WORLD FOOD PROGRAMME BARGE CONVOY ON NILE RIVER BRINGS AID TO HUNGER-RAVAGED REGION OF SOUTHERN SUDAN
Press Release
WFP/1046
WORLD FOOD PROGRAMME BARGE CONVOY ON NILE RIVER BRINGS AID TO HUNGER-RAVAGED REGION OF SOUTHERN SUDAN
19971014 Team Will Cross Front Lines to Deliver Supplies In Areas Contested by Government and Rebel FactionsKHARTOUM, 14 October (WFP) -- A convoy of barges chartered by the World Food Programme (WFP) has left Malakal with urgently needed food aid for Juba, southern Sudan, where civil war continues to cause widespread food shortages.
The barge convoy is the first to that city this year and comes after months of delays, largely due to insecurity in the region and particularly along the Nile River.

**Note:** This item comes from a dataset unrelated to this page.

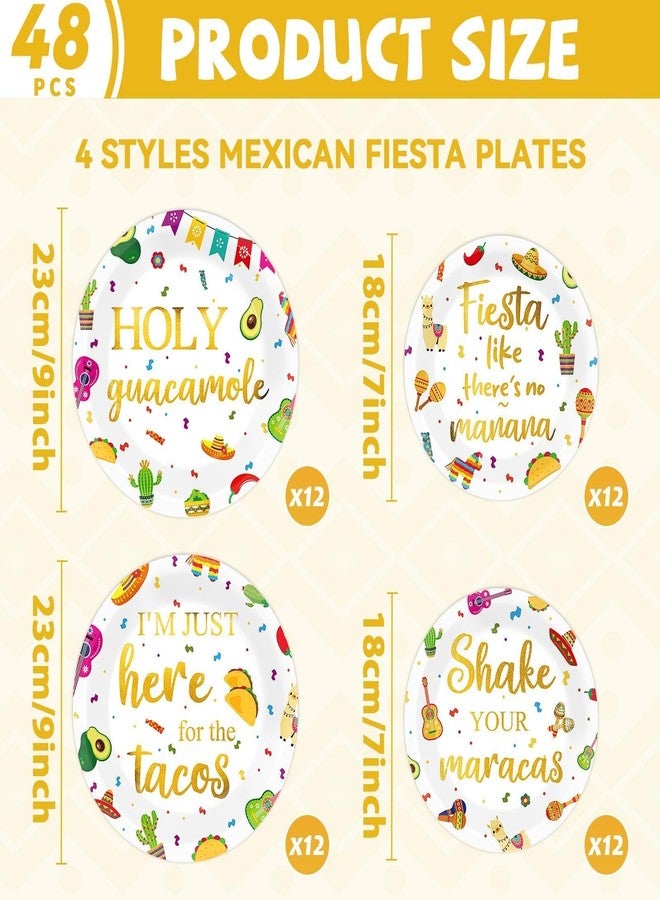 ojustbeok 48Pcs Mexican Fiesta Party Plates Taco Fiesta Party Decorations Dia De Los Muertos Tableware Parties Supplies Mexican Themed Dessert Plates for Boys Girls Colorful Parties Favor Serves 24 Guests - Image 2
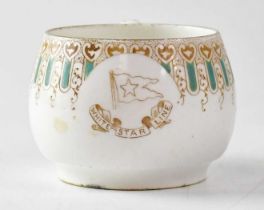 WHITE STAR LINE; a teacup with enamel decorated in the wisteria pattern, numbered to base Ro no.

The convoy is carrying a total of 2,664 metric tons of food aid.
A WFP team travelling with the convoy will distribute the food aid along the Nile River, crossing front lines to reach a total of 373,835 hungry people living in areas under the control of either the government or rebel factions.
Fighting between government and rebel forces around Juba, the largest city in southern Sudan, has created chronic food shortages for the city's population of 185,000. Most of the people have been forced to flee their homes and have been left with no access to agricultural land, making them rely heavily on food assistance.
The convoy to Juba is the eighth since the Programme began barge deliveries along the Nile River in 1993. It is expected to reach its final destination by the middle of November.
Another barge convoy, carrying 453 metric tons of food aid, is scheduled to leave Kosti on Thursday for Bentiu. The food will be distributed to some 41,000 people in Unity State in southern Sudan, where crop failure and civil war have caused food shortages.
The WFP has been at the forefront in the delivery of life-sustaining food aid to war-affected populations in southern Sudan from both northern Sudan and from Kenya and Uganda. Emergency assistance, has been provided this year along to more than 2.6 million war-affected Sudanese of whom 2.2 million are in the southern part of the country.